Kitten First Vaccinations and Veterinarian Visit
Such an Alive and Curious Kitten!
Caring for the Cute, New Kitten
Baby animals: the Supreme Being made them all pretty danged cute. The humans who are lucky enough to have them in the family may look into those big eyes and wish that the pet puppy or kitten never grows up. But, grow up they do, and it is our job as the “quasi-parent” to care for them and prepare them for their future. Naturally, health care is a major aspect of this guardianship.
When Should the First Veterinarian Visit Occur?
If your kitten is presumed to be healthy, it does not visit the vet until it is weaned – usually at age 6 weeks. In contrast, if the little dear has an observable problem before that age, call the vet’s office for guidance.
What Information Should You Provide the Vet?

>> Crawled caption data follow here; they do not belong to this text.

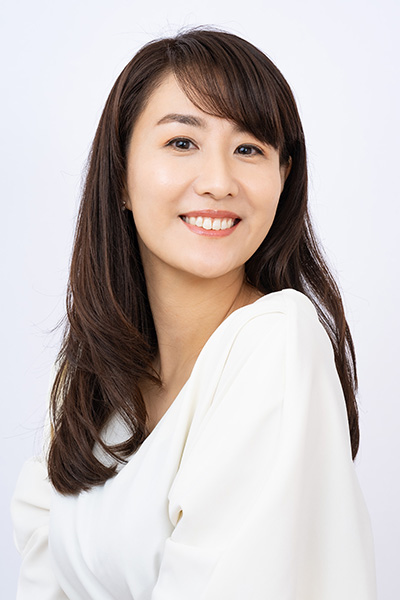 内田 加奈子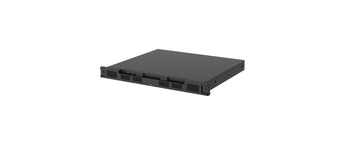 Axis Netzwerkrekorder S4000-Rack 32 TB, 16 Kanal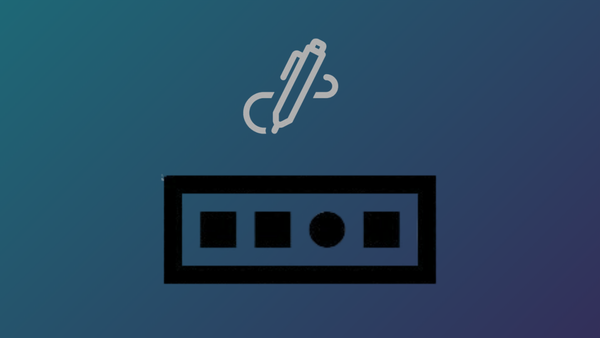 How to Display the Pen Menu Icon on Windows 11 Taskbar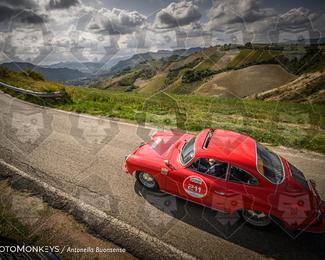 Tour Amical Toscana (group 2) photo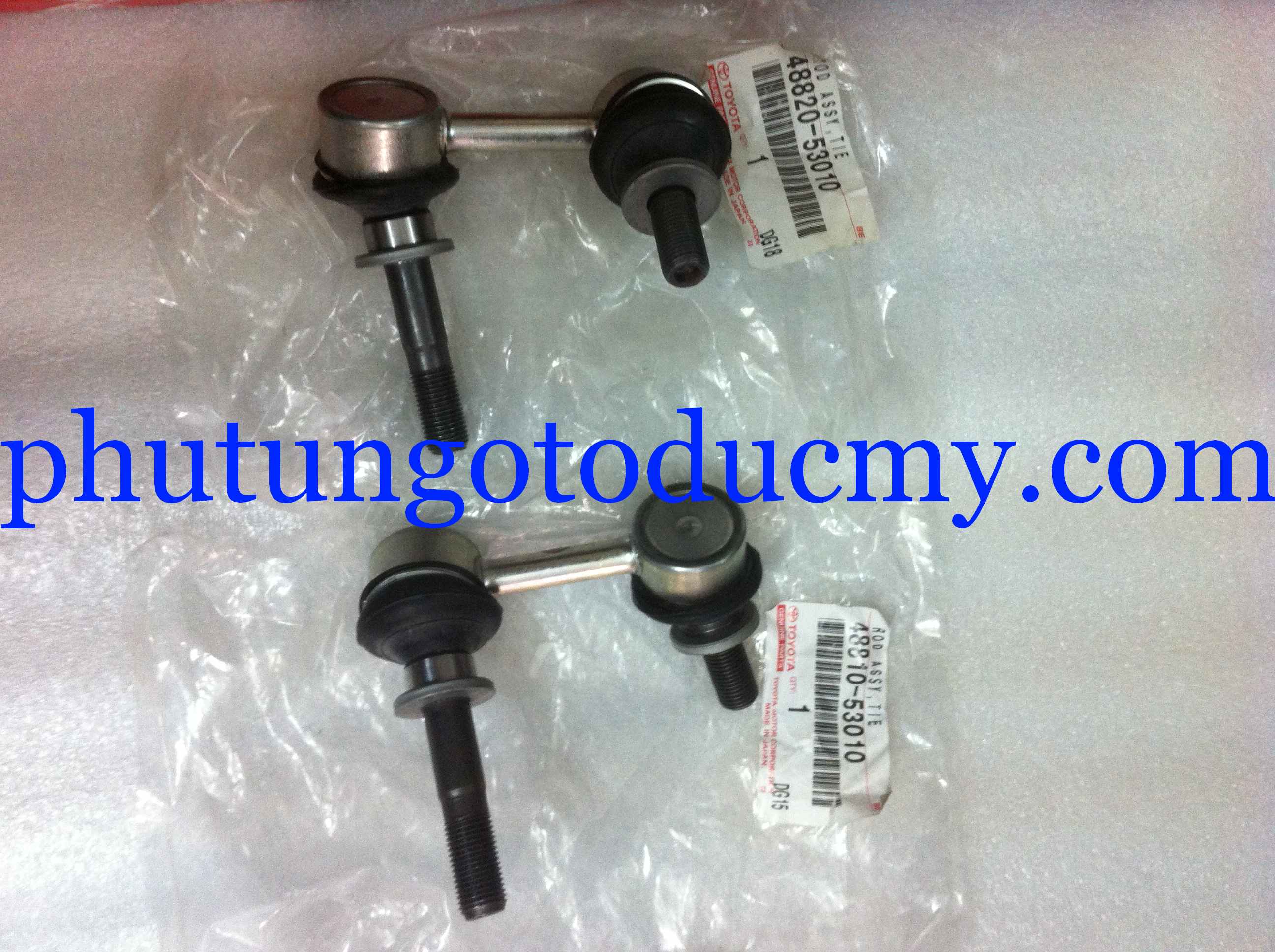 Rotuyn cân bằng trước Lexus IS250, 48820-53010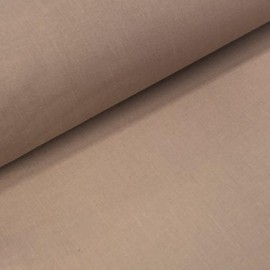 Black Barn Upholstery Supplies Platform Lining (Standard) Fawn / 2m Length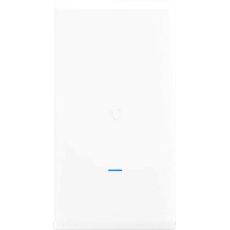 Точка доступа Ubiquiti UniFi AC Mesh PRO белый, UAP-AC-M-PRO-EU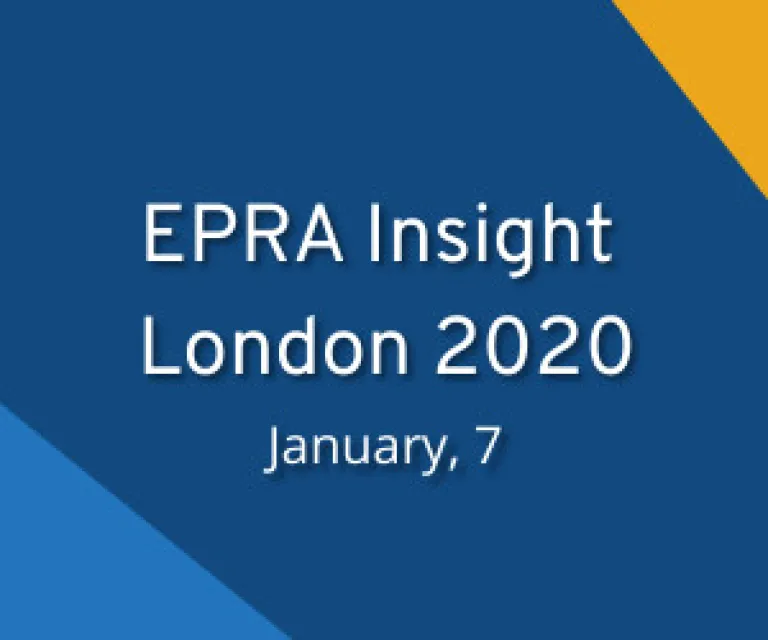 Insight London 2020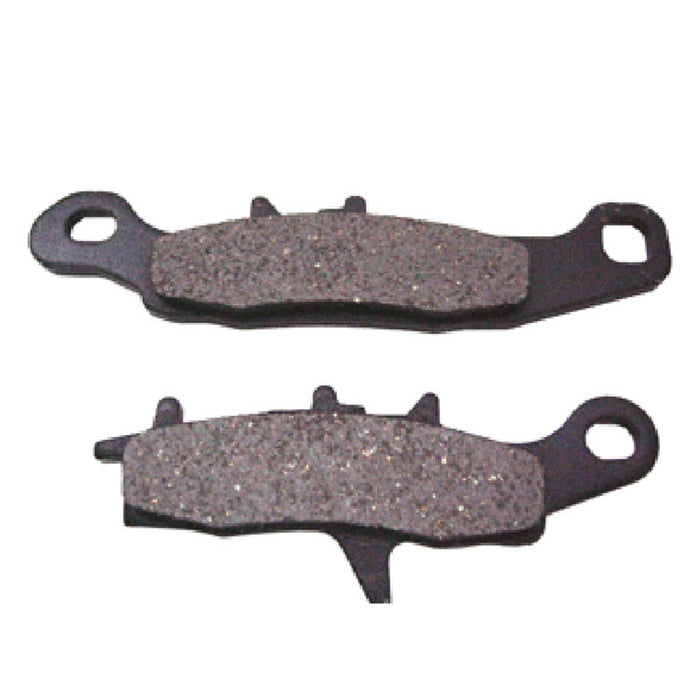 Wild Boar AT-05016 Semi-Metallic Brake Pads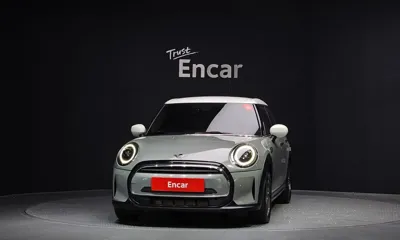 MINI Cooper 2022, 15904 км, за 13148.33 USD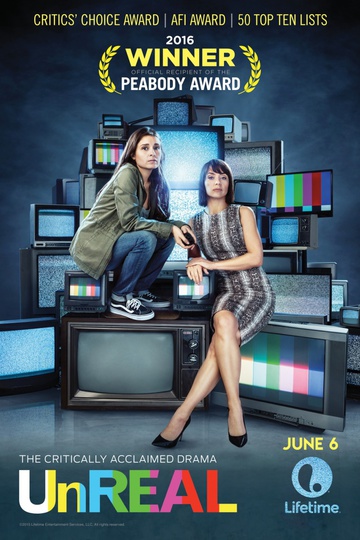 Нереально / UnReal (сериал)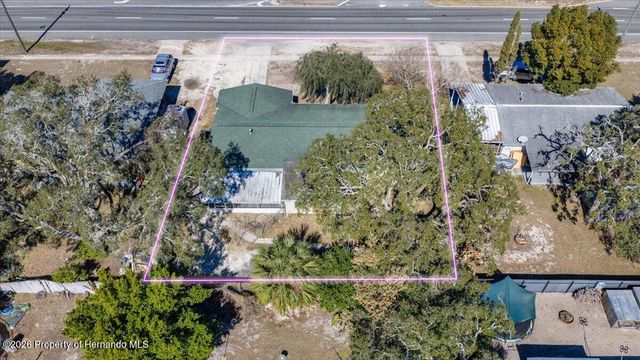 7338 Spring Hill Drive, Spring Hill, FL 34606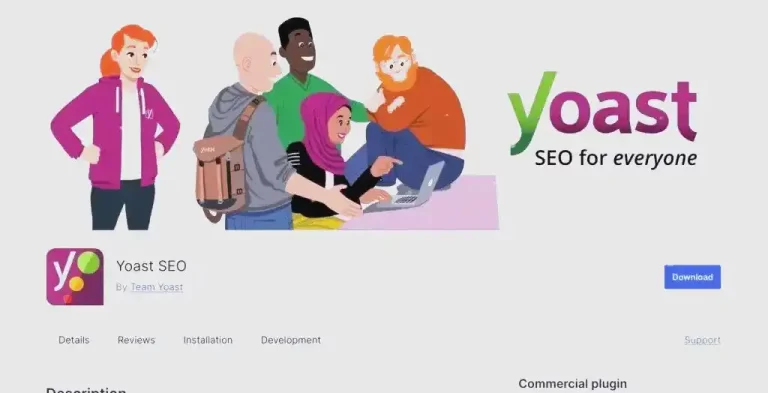 提升WordPress网站流量的十个必备SEO插件推荐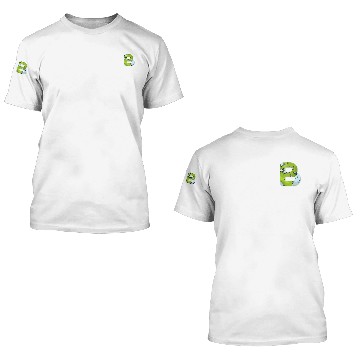 Discover What if there is no Planet B 3D T Shirts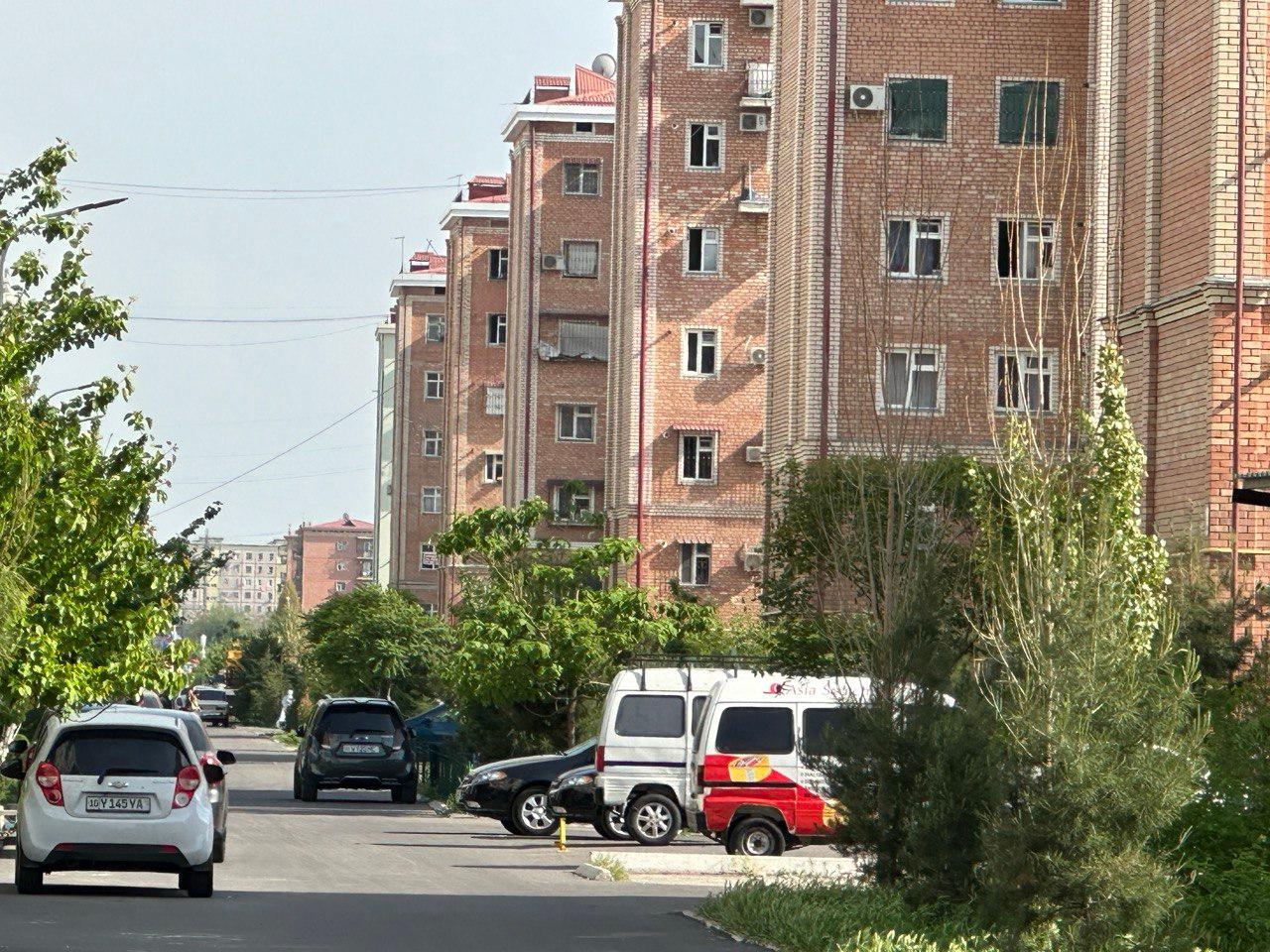 В Узбекистане планируется внедрить льготную «зеленую» ипотеку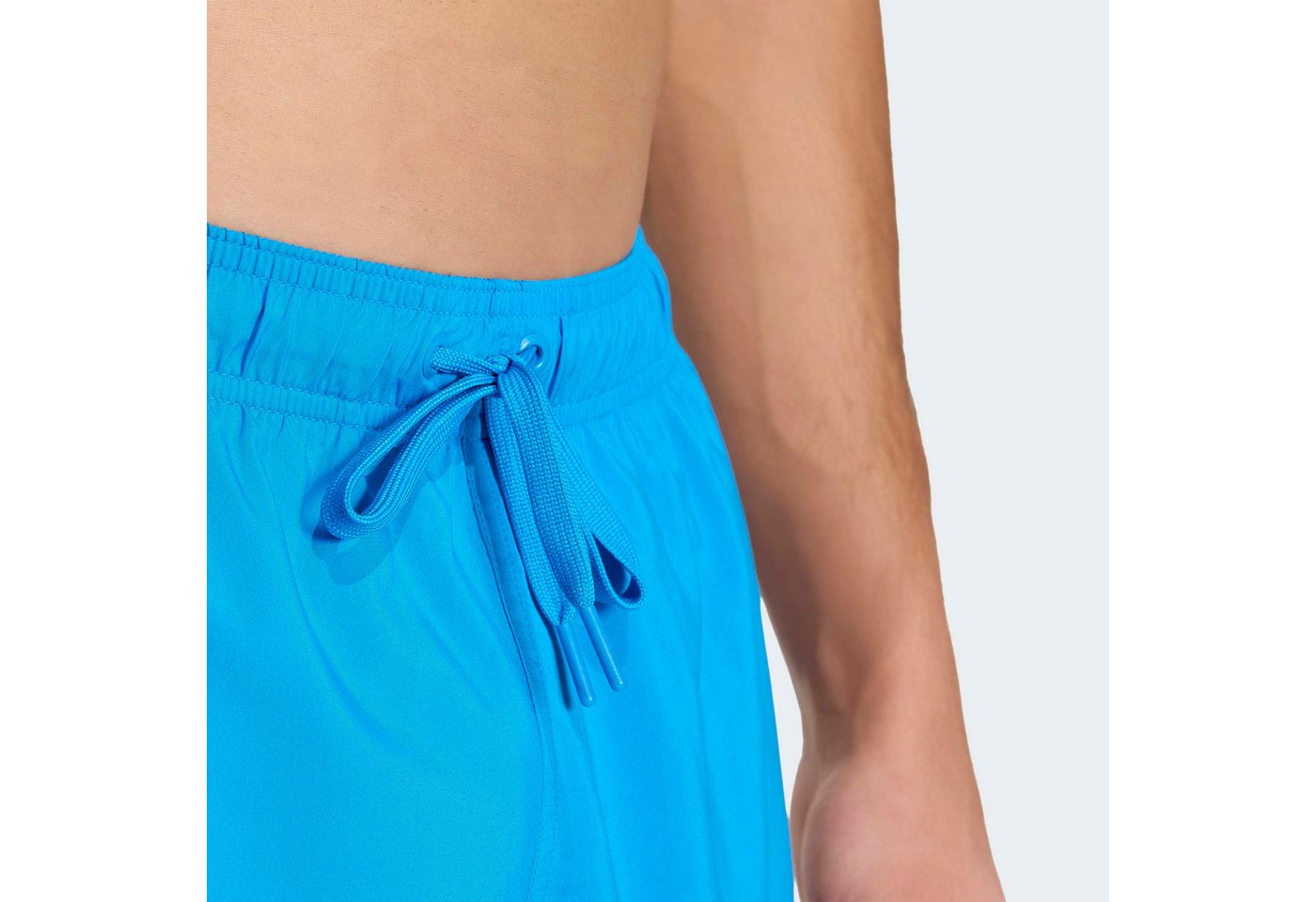 adidas Performance Badeshorts 3-STREIFEN, 3 ZOLL – Bild 4 von 5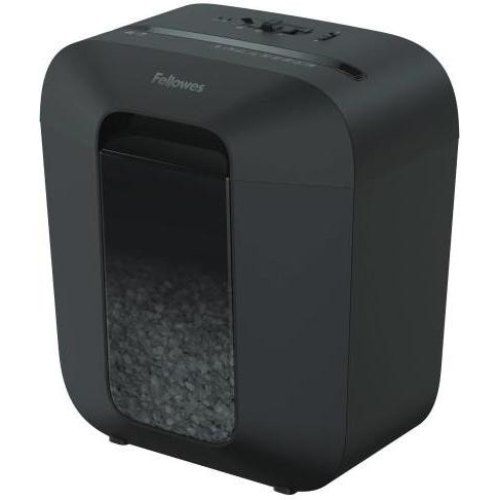 Знищувач документів (шредер) Fellowes LX25 (f.U4170501)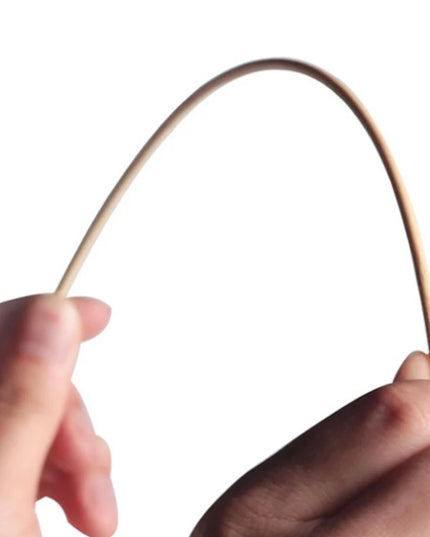 30/50PCS Disposable Wooden Grill Grilling Bbq Tools Outdoor Cooking BBQ Sticks Bamboo Skewers Barbecue Tools Fruit Sticks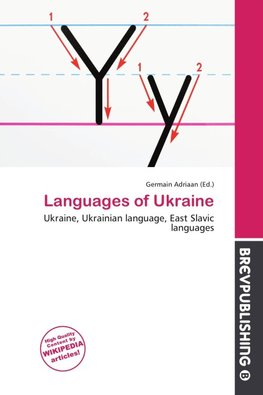 Languages of Ukraine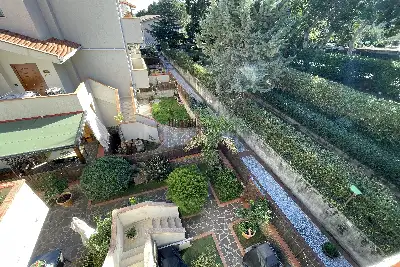 Villa Bifamiliare in vendita, Via Carlo Levi, Palermo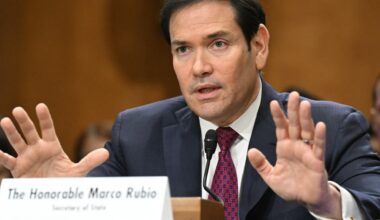 Rubio says Maduro abduction ‘strategic’ necessity, downplays future attacks | US-Venezuela Tensions News
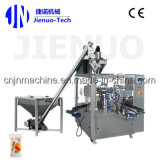 Automatic Rotary Spices Powder Packing Machine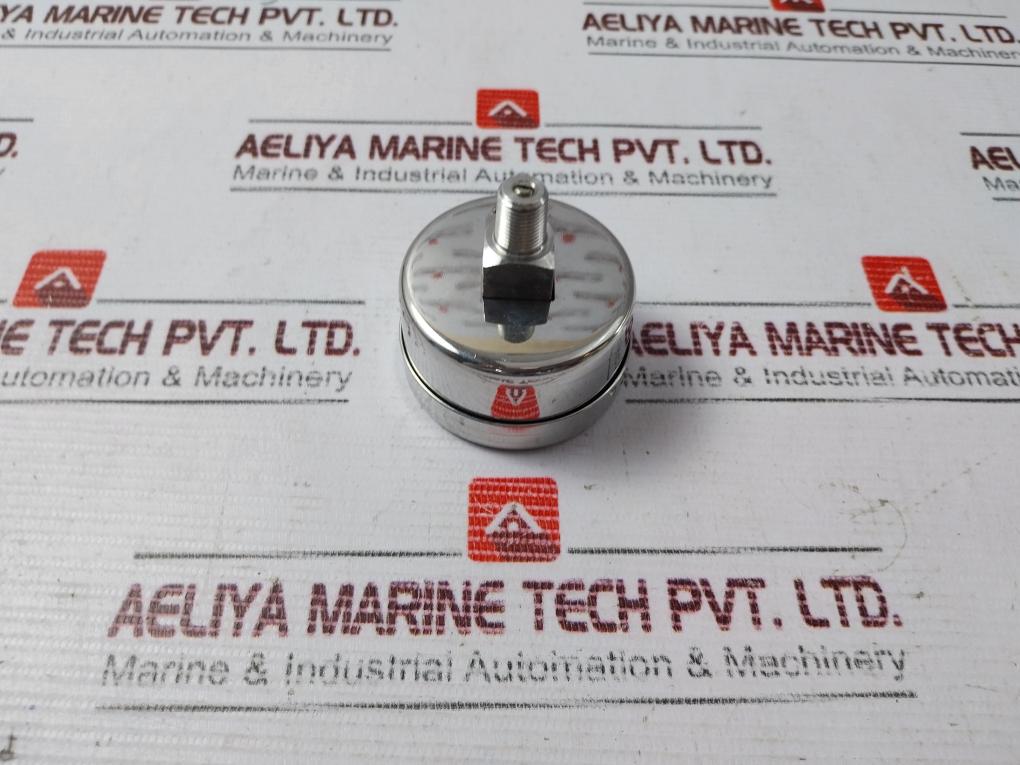 Abp 0-225 Psi Pressure Gauge 0-16 Kg/Cm2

The veterinarian will want to know the kitten’s date of birth or approximate date if that is the best you can do. Let them know if it was born to an indoor or outdoor cat, and how you came to be its caregiver. If you have health information about its mother or other animals it contacted, volunteer that.
For example, one case may be that a friend took in a litter born to a feral cat. He adopted out one of the kittens (the most adorable one, of course!) with you. If other kittens in the litter had diarrhea or fleas, tell the vet. Also, disclose the “untreated” status of the mother and any health problems you know about.
First Tests for a Kitten
In the case above, the vet will probably recommend performing a blood test for feline leukemia and feline AIDS. Both are very serious and also very contagious to other cats. Of course, you do not want to put any other pets you have at risk for these diseases. A nice feature of this blood test is that it can be done at the beginning of the vet visit and read in about 15 minutes. Also, you may have been asked to bring in a stool sample of the kitten to be checked for worms. In the case of unknown background of the mother cat, this is a good idea. The worm test also can be completed before the end of the office visit.
In addition to laboratory tests, the veterinarian will listen to your kitten’s heart and lungs and perform an exam.
At the tender age of 6 weeks, a kitten is too young to have any flea treatment. Also, if it will be an exclusively- indoors cat, the rabies vaccination is not given at this visit. However, a set of injections will be scheduled with the first of the series starting at age 6 to 8 weeks. It is called the FVRCP vaccine. It combats the following viruses:
FVR = Feline Viral Rhinotracheitis
Rhinotracheitis is a severe upper respiratory infection caused by a herpes virus. This virus can be very severe for kittens and can cause blindness or death.
C = Calicivirus Infection
This virus can cause pneumonia, “pink eye,” and other problems. The virus can survive eight to ten days on a bowl, cage, brush, or blanket. Sadly for us and our kitties, carrier cats can pass the virus into the environment for up to one year.
P = Panleukopenia (also known as distemper and feline enteritis)
This disease is a quickly progressing, highly contagious one with a high mortality rate.
This is not standard for all kittens, but it can be given if the circumstances warrant.
As with a new human baby, be prepared for your kitten to want to sleep more than usual after the vaccination as its body assimilates the medicine.
More First Visit Agenda Items
The veterinarian will probably advise you on what foods to give and for how long. Also, he or she will discuss the timing of spaying or neutering your kitten. If you desire to have your kitten declawed, that will be done in the future, not on the first visit.
A Kitten who Fits in Your hand
Enjoy your new family member and take good care of it. It will reward a thousand fold with its unconditional cat-love. (And take plenty of photos!)